(Pictures with short captions)
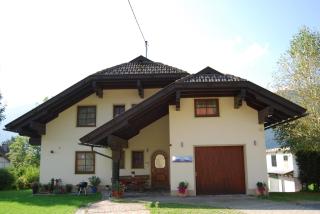 Appartement Zweikofelblick - Jenig - 0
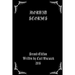 Morbid Stories: Satanic Satire: Second Edition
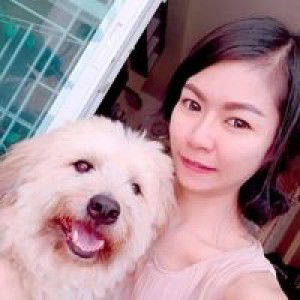 Nantiya Khueankaew profile icon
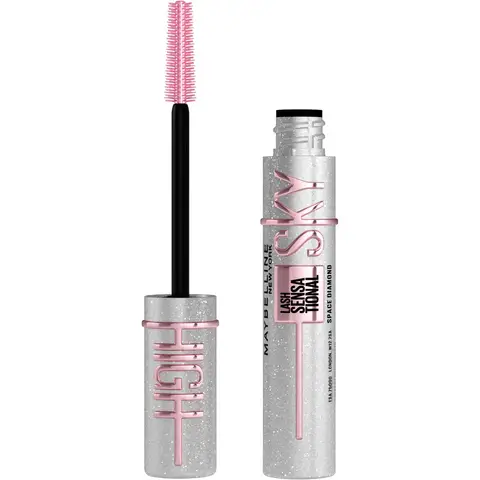 Maybelline Lash Sensational Sky High Mascara Top Coat Space Diamond 7.5ml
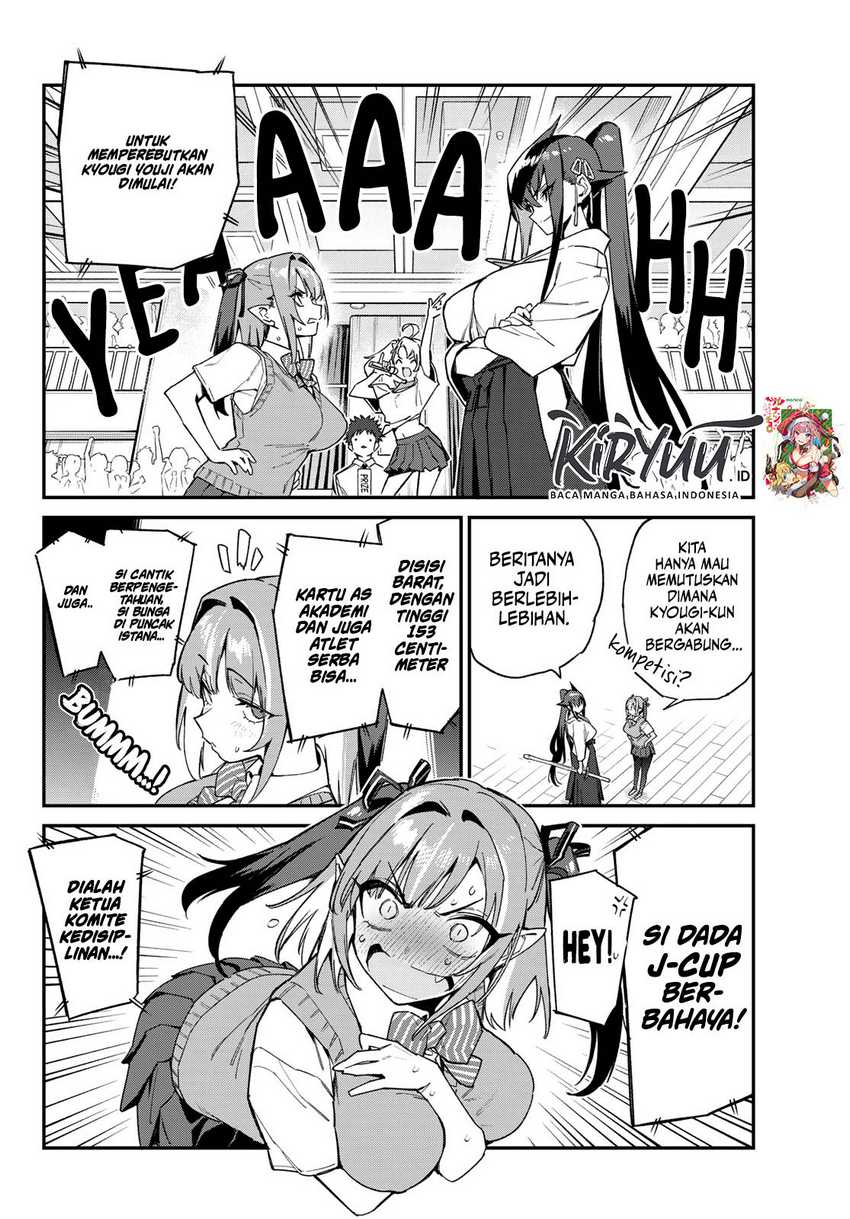 Chapter 83 - halaman 4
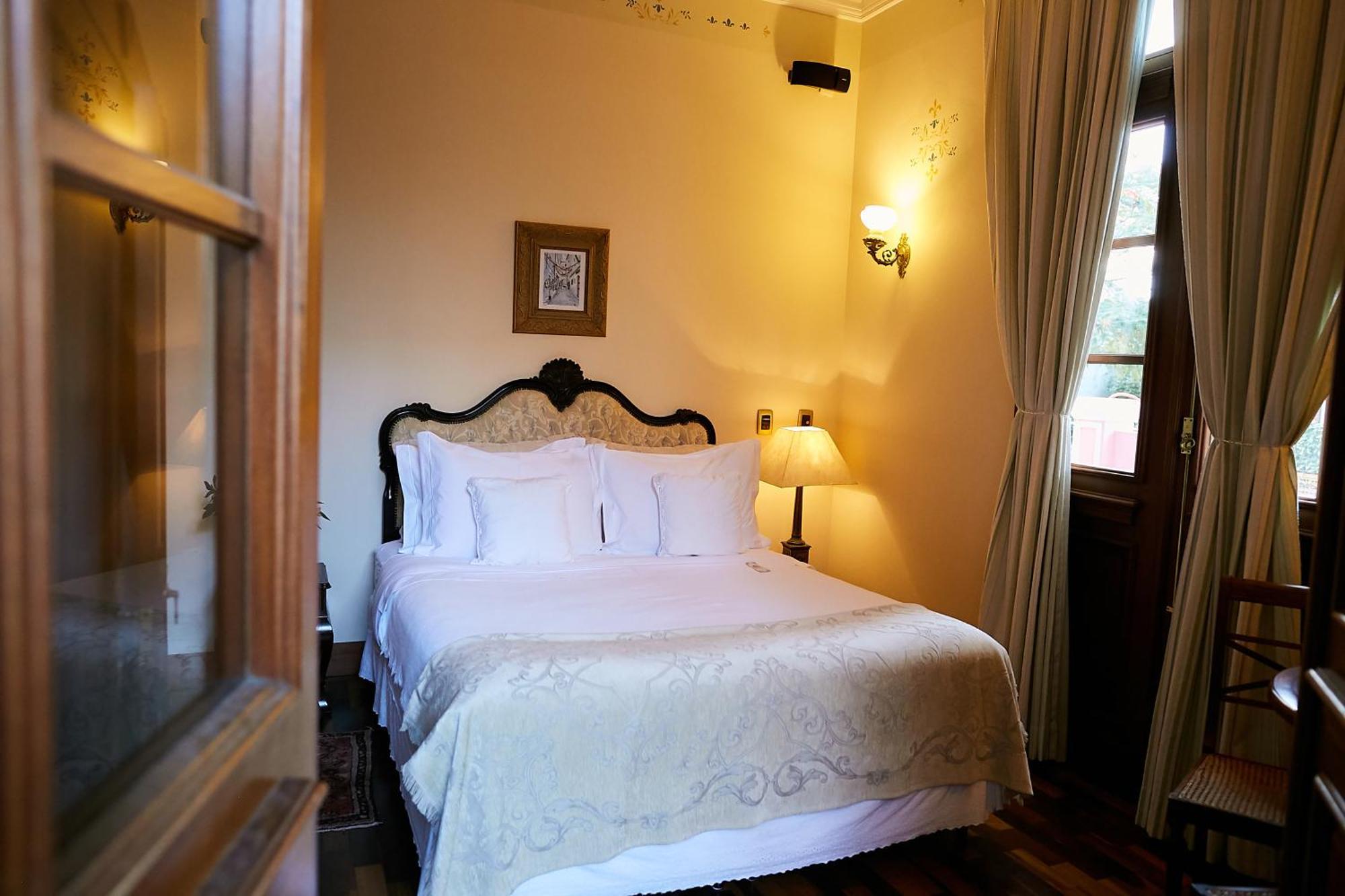 Luxury Room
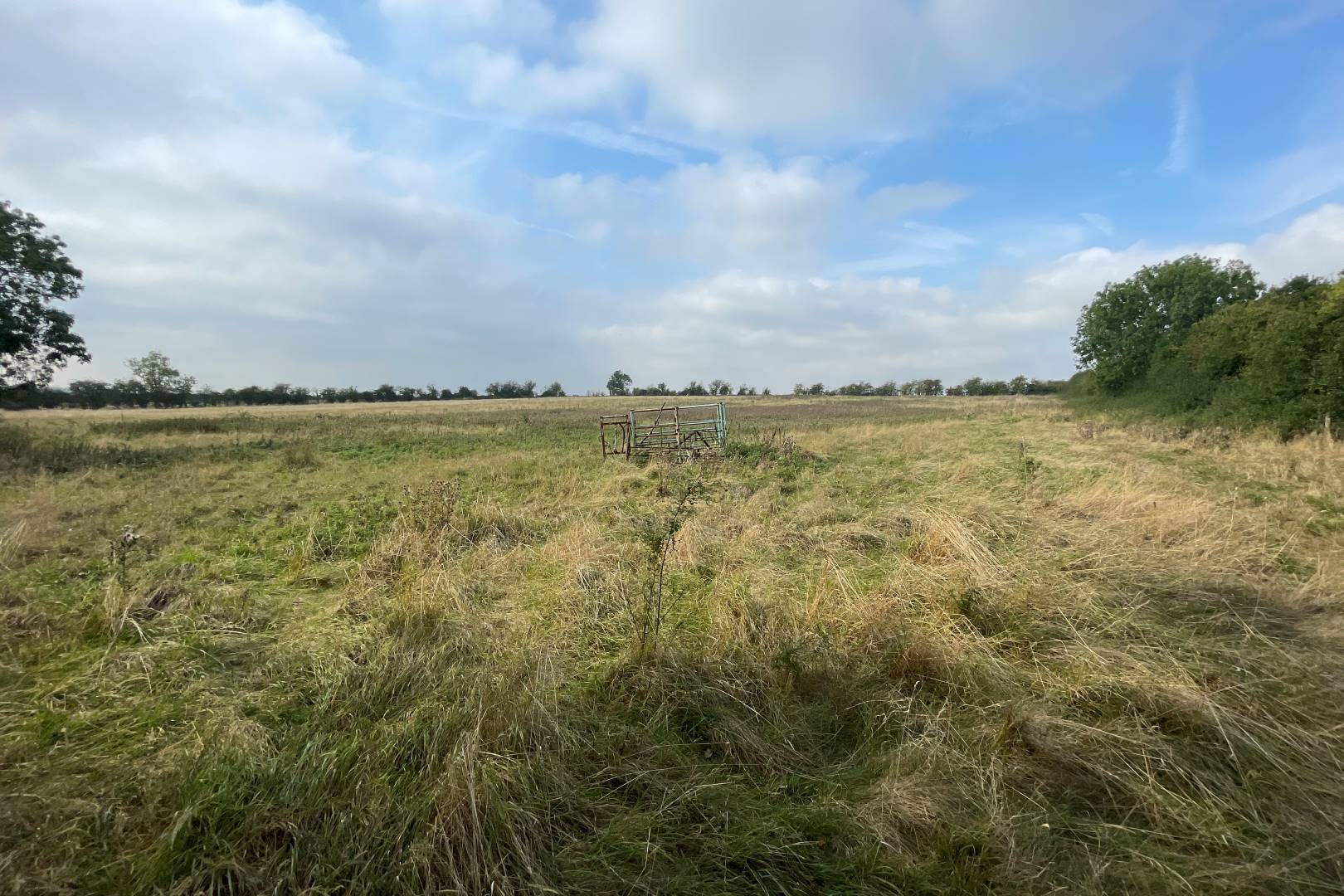 Land West Side of High Street, Sherington, Newport Pagnell, MK16 9NX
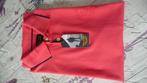 Polo PME Legend M – Roze, Kleding | Heren, Polo's, Maat 48/50 (M), Nieuw, Ophalen of Verzenden, Roze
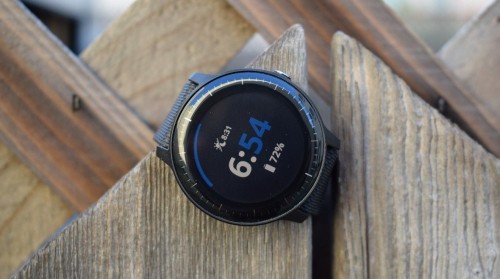 Garmin Vivoactive 3 Music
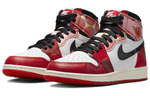 Jordan 1 Retro High OG Spider-Man Across The Spider-Verse GS
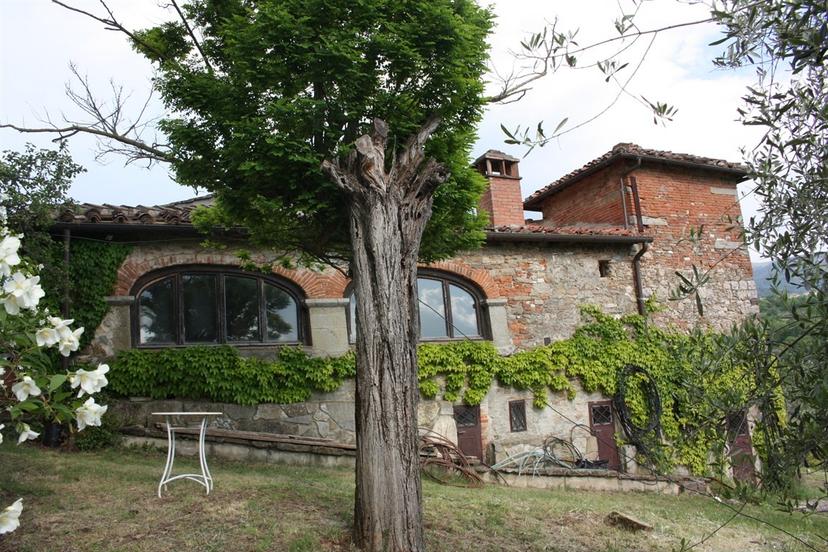 Casa indipendente, Pelago — foto 2 di 5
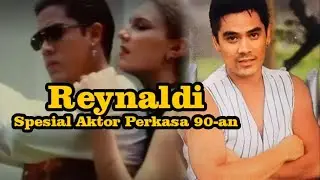 Reynaldi Became Famous Through Adult Films! 90s || Filmography Profile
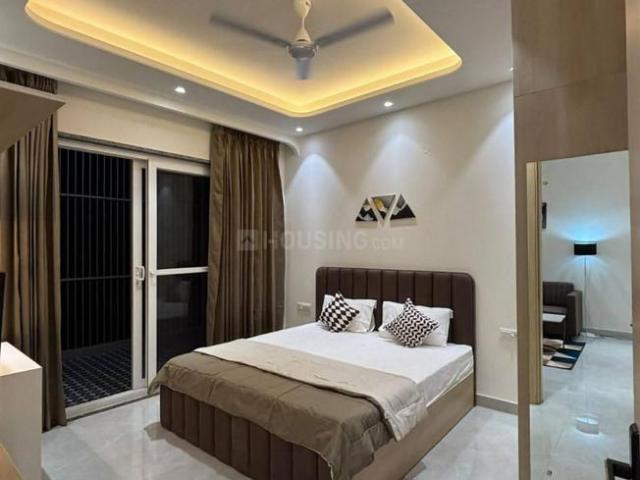 Flat for rent in Bahlolpur, Arunachal Pradesh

Instructions to follow
Output every line above exactly as it stands, and drop any picture.

Completed exercise
 Appartement Zweikofelblick - Jenig - 0
 Morbid Stories: Satanic Satire: Second Edition
 Nantiya Khueankaew profile icon
 Maybelline Lash Sensational Sky High Mascara Top Coat Space Diamond 7.5ml
 Chapter 83 - halaman 4
 Luxury Room
 Land West Side of High Street, Sherington, Newport Pagnell, MK16 9NX
 Polo PME Legend M – Roze, Kleding | Heren, Polo's, Maat 48/50 (M), Nieuw, Ophalen of Verzenden, Roze
 Garmin Vivoactive 3 Music
 Jordan 1 Retro High OG Spider-Man Across The Spider-Verse GS
 Casa indipendente, Pelago — foto 2 di 5
 Reynaldi Became Famous Through Adult Films! 90s || Filmography Profile
 Flat for rent in Bahlolpur, Arunachal Pradesh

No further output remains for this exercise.